==== Given material ====

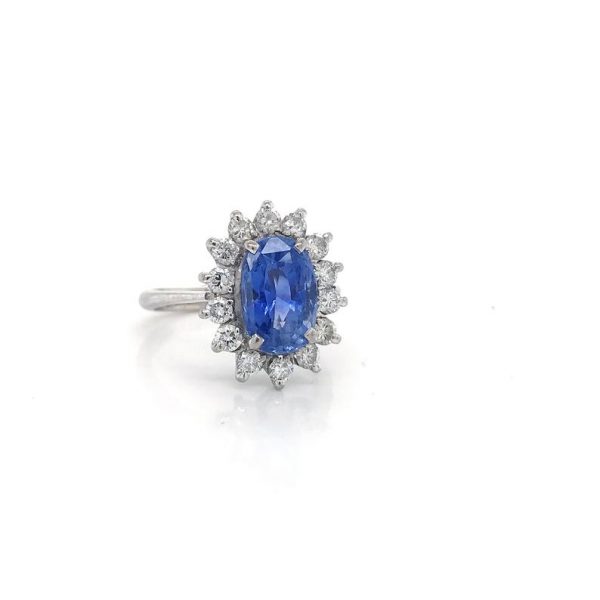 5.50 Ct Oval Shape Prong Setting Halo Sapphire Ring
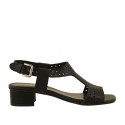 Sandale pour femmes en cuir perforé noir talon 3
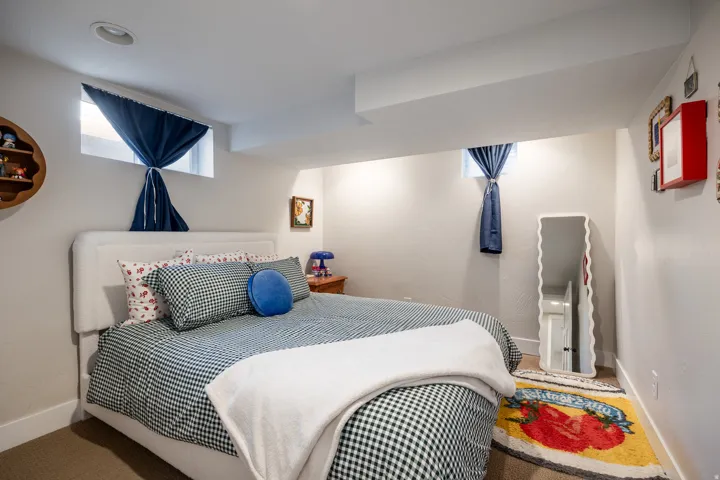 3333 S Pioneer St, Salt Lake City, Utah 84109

====

» Problem description: From the first line to the last, retype the data exactly, but omit every image.

» Written answer:
 5.50 Ct Oval Shape Prong Setting Halo Sapphire Ring
 Sandale pour femmes en cuir perforé noir talon 3
 3333 S Pioneer St, Salt Lake City, Utah 84109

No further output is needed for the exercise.